Zdobywanie goli opłaciło się, szczególnie w meczu… z Błękitnymi Motarzyno w sezonie 1977/78. – Strzeliłem wtedy 5 goli. Na drugi dzień szukał mnie kierownik drużyny Kaziu Marciniak. Znalazł mnie w mieszalni w Przyborzycach, gdzie pracowałem. Wołał: „Lechu! Lechu! Masz szybko zgłosić się do biura!” Okazało się, że od dyrektora PGR-u Jana Przewłockiego dostałem klucz do mieszkania na Pochyłej. Cieszyłem się, bo wcześniej starałem się bez skutku – mówi wychowanek bytowskiego klubu.

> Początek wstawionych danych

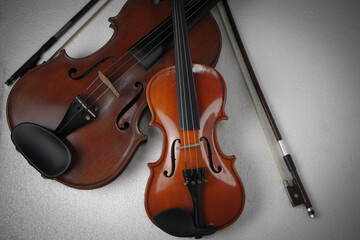 Fototapeta na wymiar The smaller violin put beside bigger one,on background,show detail and different size of acoustic instrument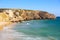 Zavial beach in Portugal with lot of surfers in ocean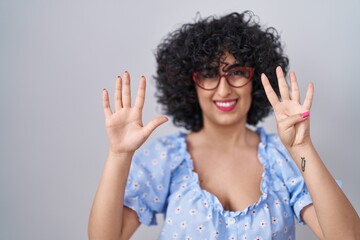 Young brunette woman with curly hair wearing glasses over isolated background showing and pointing up with fingers number nine while smiling confident and happy.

Niezliczone bramki dla bytowskiego klubu były przeróżnej urody. L. Martusewicz strzelał z każdej pozycji, dosłownie z każdej. – Kiedyś tuż po stracie bramki wznawialiśmy grę na środku boiska, skąd oddałem zaskakujący strzał, a piłka, ku zaskoczeniu wszystkich, znalazła się w bramce rywala – opowiada.
NIE CHCIAŁ GRAĆ ZA MIEDZĄ
W pamięci pana Lecha pozostał także mecz, w którym nie padła żadna bramka. – Walczyliśmy z Kotwicą Kołobrzeg o awans. Kupiliśmy nawet szampany. Wystarczyło wygrać. Niestety, skończyło się bezbramkowym remisem. Wtedy rzadko zdarzało się, że u siebie nie wygrywaliśmy. Na początku meczu na nierównym boisku pękła mi torebka stawowa, a ja, nieświadomy urazu, grałem aż do końca pierwszej połowy. Dwa tygodnie chodziłem z nogą w gipsie. Gdy wróciłem do gry, w Wyczechach pękła mi kość śródstopia. Po miesiącu byłem już sprawny – mówi o swoich trudnych chwilach w karierze. Jednak to nie był ten najgorszy moment w jego piłkarskim życiu. W sezonie 1981/82 ówczesna Baszta Bytów po trzech meczach wycofała drużynę z rozgrywek. Większość piłkarzy wraz z trenerem Czesławem Karnickim przeszła do sąsiedniego Orkana Gostkowo, jednak wśród nich nie było supersnajpera z Bytowa. Choć tęsknił za graniem, nie dał się namówić. – Nie chciałem tam grać – ucina krótko.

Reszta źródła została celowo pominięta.